The road that returned from inland to the coast wound down through yellow hills. Yuccas pushed their way up through the sun-bleached grass and the rounded mountains were crowned with olives. The hills folded and dipped and rose and parted to reveal more hills, all the same, all ochreish in colour, until through the last dip the blue ocean appeared again. Dora was occupied with her map and guide book.
There was a little seaside town ahead. A sign by the roadside said: Santa Xavierita, height above sea level 50.2 metres, population 482. Dora said:
‘According to the book there’s a motel here called the Mariposa. Shall we try it?’
‘What for?’ said Wexford crossly. ‘Half an hour’s kip? We have to be two hundred miles south of here by eight and it’s five now.’
‘We don’t have to. Our plane doesn’t go till tomorrow night. We could stay at the Mariposa, I think we’re meant to, it was a sign.’
He nearly stopped the car. He chuckled. He had known her thirty-five years but he didn’t know her yet. ‘You phoned Newton back there?’ he said but in a very different tone from the one he would have used if he had asked that question ten minutes before. ‘You phoned Newton and said we couldn’t make it?’
She said demurely, ‘I think Nonie was quite relieved really.’
‘I don’t deserve it,’ said Wexford.
Santa Xavierita had a wide straggly street with a dozen side turnings at right angles to it, as many petrol stations, a monster market, a clutch of restaurants and among a dozen motels, the Mariposa. Wexford found himself being shown, not to a room, but to a little house rather like a bungalow at home in Ramsgate or Worthing. It stood in a garden, one of a score of green oases in this corner of Santa Xavierita, and up against its front door was a pink and with geranium as big as a tree.
He walked back between sprinklers playing on the grass to the hotel reception desk and phoned Sheila on a collect call. In London it was two in the morning, but by now he was unscrupulous. Sheila had got Ilbert’s address. She had had it for two days and couldn’t understand why her father hadn’t phoned. Ilbert was staying at Durrant’s Hotel in George Street by Spanish Place. Wexford wrote down the number. He looked round for someone to inform that he intended to make a call to London.

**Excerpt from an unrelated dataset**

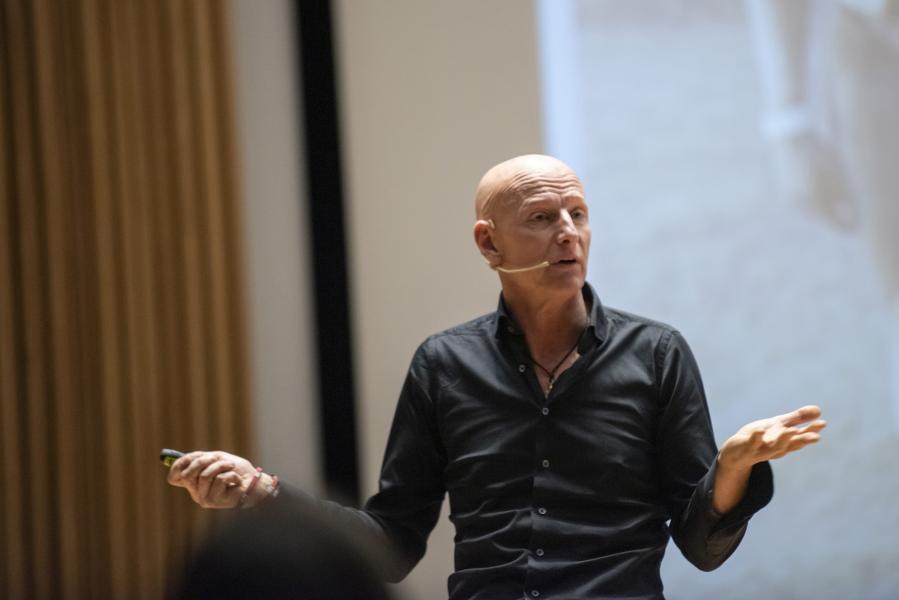 Un momento dell'incontro con il fotografo Jimmy Nelson - Foto di Paolo Poce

There was no sign of the little spry man called Sessamy who had checked them in. No doubt he was somewhere about, watering the geraniums and fuchsias and the heliotrope that smelt of cherries. Wexford went back to find Dora and tell her the new, such as it was. She was in the kitchen of their bungalow, arranging in a glass bowl, piling like an Arcimboldo still life, the fruit they had bought.
‘Reg,’ she said, turning round, a nectarine in her hand, ‘Reg, Mrs Sessamy who owns this place, she’s English. And she says we’re the first English people to stay here since – a Mrs Arno in 1976.’
15
‘Tell me about it,’ Wexford said.
‘I don’t know anything about it., I don’t know any more than I’ve told you. Your Natalie Arno stayed here in 1976. After we’ve eaten we’re to go and have coffee with Mrs Sessamy and she’ll enlighten you.’
‘Will she now? And how did you account for my curiosity? What did you tell her about me?’
‘The truth. The idea of you being a real English policeman almost made her cry. She was a GI bride, I think, she’s about the right age. I honestly think she expects you to turn up in a blue uniform and say ’ere, ’ere, what’s all this about? and she’d love it!’
He laughed. It was rare for him to praise his wife, almost unknown for him to call her by an endearment. That wasn’t his way, she knew it and wouldn’t have wanted it. It would have bracketed her with those he loved on the next level down. He put his hand on her arm.
‘If something comes of all this,’ he said, ‘and one of us gets sent back here at the government’s expense, can I come too?’
There was, of all things, a Lebanese restaurant in the main street of Santa Xavierita. They walked there and ate delicate scented versions of humous and kebab and honey cake. The sun had long gone, sunk almost with a fizzle into that blue sea, and now the moon was rising. The moonlight painted the little town white as with frost. It was no longer very warm. In the gardens, which showed as dark little havens of lushness in aridity, the sprinklers still rotated and sprayed.
Wexford marvelled at his wife and, with hindsight, at his own ignorant presumption. Instead of allowing herself to be a passive encumbrance, she had made him absurdly jealous and had hoodwinked him properly. By some sixth sense or some gift of serendipity, she had done in an instant what had eluded him for nearly a fortnight – found Natalie Arno’s hideout. And like Trollope’s Archdeacon of his wife, he wondered at and admired the greatness of that lady’s mind.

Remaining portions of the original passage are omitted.